Full Changelog: v25.9.0...v25.10.0
OKE RDMA Quickstart Resource Manager template v25.9.0
- Option to provision a shared Lustre file system and a PV backed by the Lustre file system
 - Fully private clusters using Resource Manager Private Endpoint for deployment
 - Same dashboards and notifications with the Slurm stack
 - Option to use Oracle Linux for non-RDMA pools
 - Component updates
 
OKE RDMA Quickstart Resource Manager template v25.5.1
This is a hotfix release to fix the breaking Helm provider change.
More info about the change here: hashicorp/terraform-provider-helm#1637
OKE RDMA Quickstart Resource Manager template v25.5.0
- Added AMD Device Metrics Exporter
 - Added AMD dashboards
 
OKE RDMA Quickstart Resource Manager template v25.4.0
- Added Kubernetes v1.32
 - Changed the default number of maximum pods per node to 110
 
OKE RDMA Quickstart Resource Manager template v25.3.1
- OKE AMD GPU device plugin is enabled for BM.GPU.MI300X.8 shape
 - OKE DCGM Exporter is disabled (upstream DCGM Exporter is deployed)
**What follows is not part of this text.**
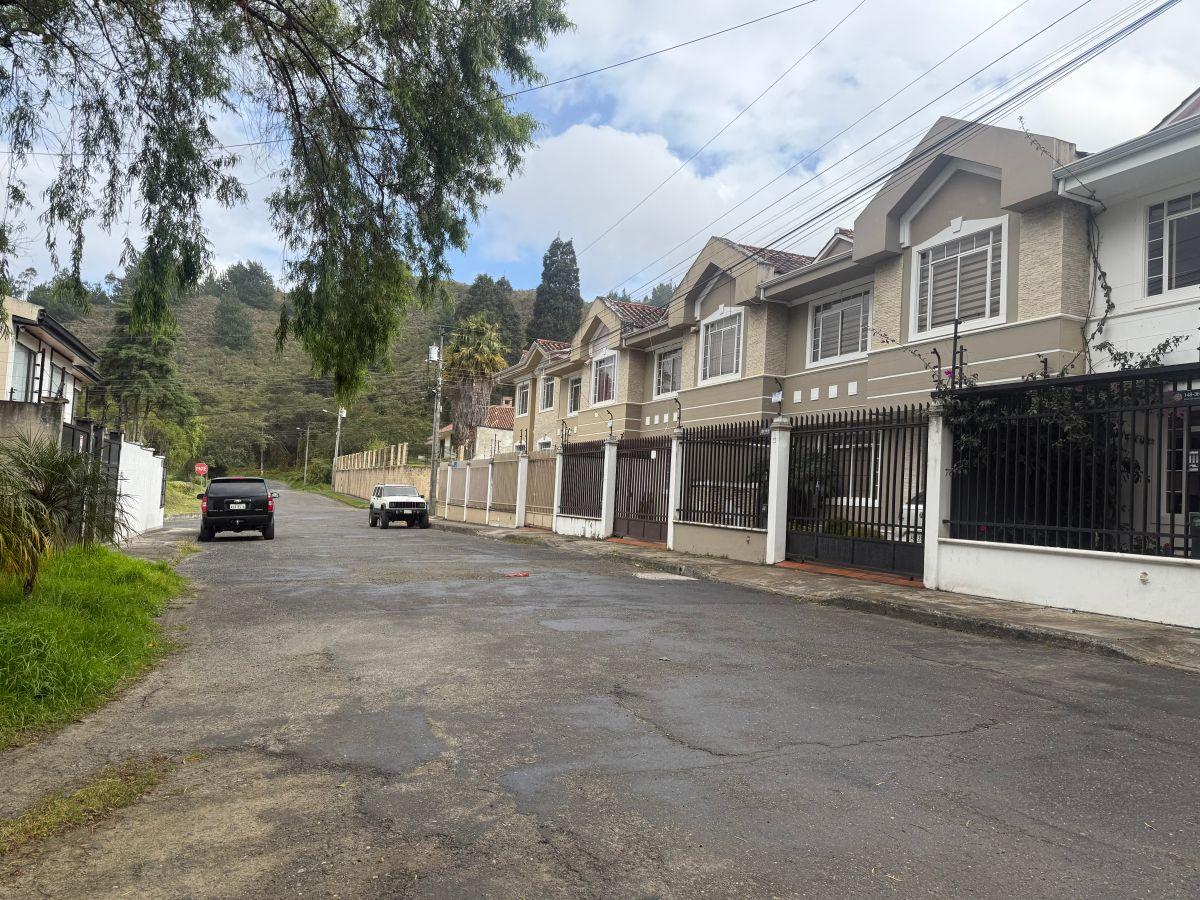 Terreno en Venta Loja Urbanización Rodríguez Witt — imagen 4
 - Helm fix for Grafana load balancer not being deleted properly on Terraform destroy
 - Updated the health checks for Node Problem Detector
 - Updated Grafana dashboards
 - Added the required policies for Oracle Cloud Agent GPU/RDMA monitoring
 
OKE RDMA Quickstart Resource Manager template v25.3.0
- VCN-native pod networking is now the default option for pod networking instead of Flannel.
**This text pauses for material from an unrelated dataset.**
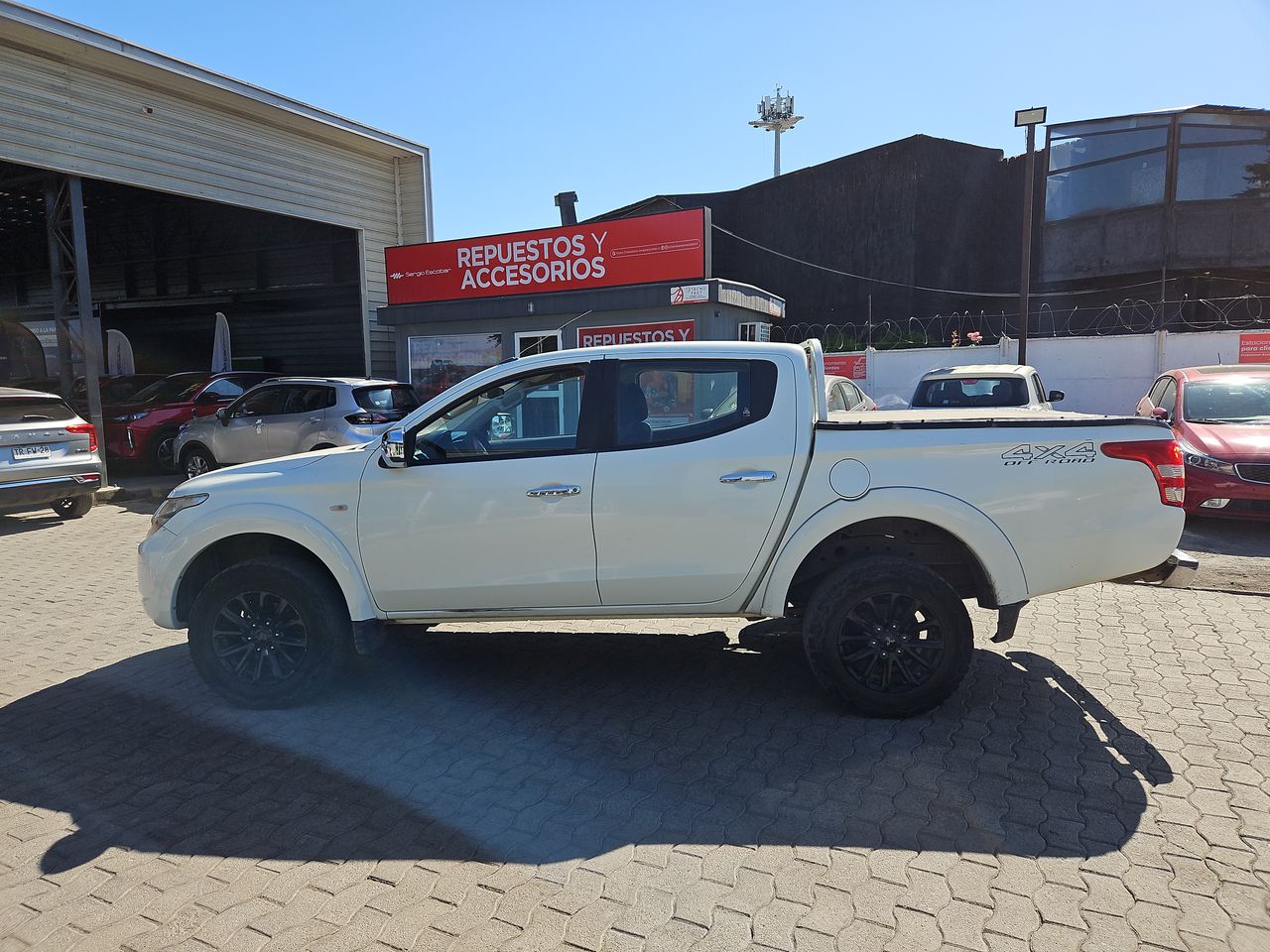 Mitsubishi L200 L200 Katana Dcab Crt 4x4 2.4 2018 Usado Usado en Webautos.cl Mitsubishi L200 L200 Katana Dcab Crt 4x4 2.4 2018 Usado Usado en Webautos.cl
 - Node Problem Detector is now deployed part of the stack and integrated with the Prometheus/Grafana stack for alerting.
 - Switched to using the upstream OKE Terraform module.
 
OKE RDMA Quickstart Resource Manager template v25.3.0-beta
- VCN-native pod networking is now the default option for pod networking instead of Flannel.
 - Node Problem Detector is now deployed part of the stack.
 - Fixed a Node Exporter issue preventing metrics from being streamed from bare metal GPU nodes.
 
OKE RDMA Quickstart Resource Manager template v25.2.0
- The OKE GPU Device plugin is now enabled by default.
 - Added Kubernetes version 1.30 & 1.31.
 
OKE RDMA Quickstart Resource Manager template v24.10.0
Important
Because we moved to Terraform v1.5, this new release is a breaking change. Do not deploy this stack in your existing OKE clusters, only use for deploying new clusters.
- Updated to Terraform v1.5, the same templates can now be used for both OCI Resource Manager and regular Terraform.
 - The bastion and operator nodes now use Ubuntu.
 - Added an option to deploy the Prometheus/Grafana stack with DCGM Exporter.
 - Added an option to create a RAID 0 array using the local NVMe drives on the nodes and configure Kubernetes to use it for container storage.
 - Added options to create storage classes for FSS (File Storage Service) and high performance block volumes.